Credit Suisse and the BAKBasel Economics institute both issued new predictions on Tuesday that were less optimistic than earlier forecasts following a slowdown in the second quarter this year.
The country’s second largest bank said it now expects the country’s Gross Domestic Product (GDP) to expand by 1.4 percent this year, well short of its earlier forecast of two percent.
The economy is expected to grow 1.6 percent next year, down from a previously expected 1.8 percent, Credit Suisse said.
The bank said a “super cycle”, consisting of low interest rates, a real estate price boom and high immigration rates, is coming to an end and the economy will slow down as a result.
The growth in the price of residential property has already weakened and Credit Suisse said its economists “assume the market will continue to cool in the coming year”.

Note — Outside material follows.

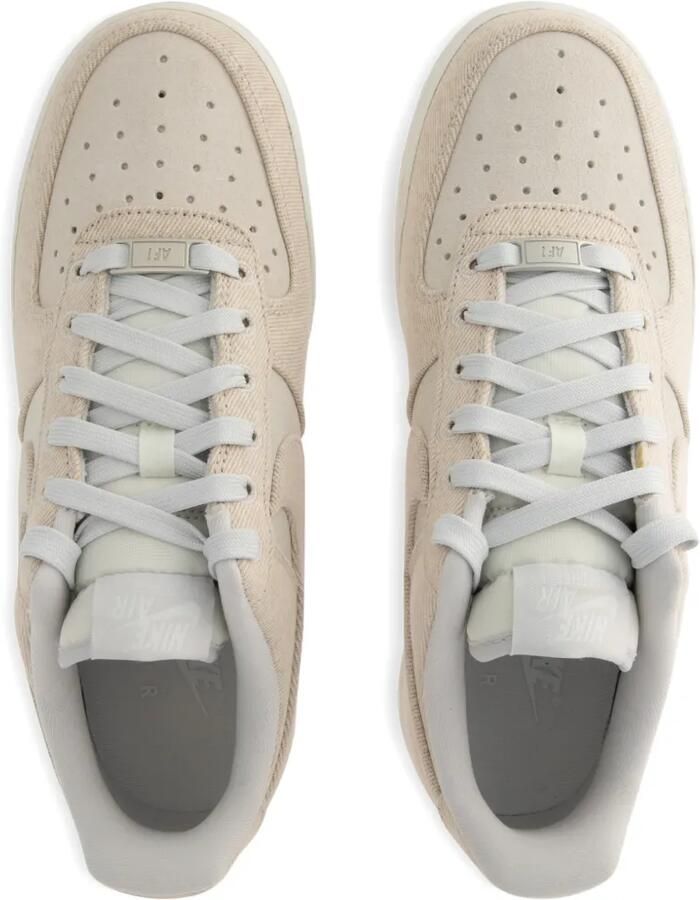 Nike Air Force 1 '07 LV8 sneakers met geborduurde vlam Wit - Foto 8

Immigration, meanwhile, which has boosted the Swiss economy for the past several years, “has most likely passed its peak”, the bank said.
Consumer growth this year is predicted to be half the level seen in 2013, Credit Suisse said.
BAKBasel, which also predicted Swiss GDP growth this year of 1.4 percent , said uncertainty was hindering economic recovery.
Slow growth in the European Union, Switzerland’s largest trading partner, is one of the factors clouding prospects.
On September 4th, the European Central Bank lowered interest rates to an all-time low of 0.05 percent in a bid to stimulate activity.
BAKBasel reduced its forecast for 2015 to 1.9 percent growth from an earlier prediction of 2.3 percent.
The institute, noted however that weaker than anticipated growth figures for the first half of 2014 were influenced by special factors and there are good reasons to still believe in stronger results from exports and investment.
Government figures released last week showed the Swiss economy ground to a halt in the second quarter of 2014, stalling at the same level as the first quarter, although still 0.6 percent ahead of the same period a year earlier.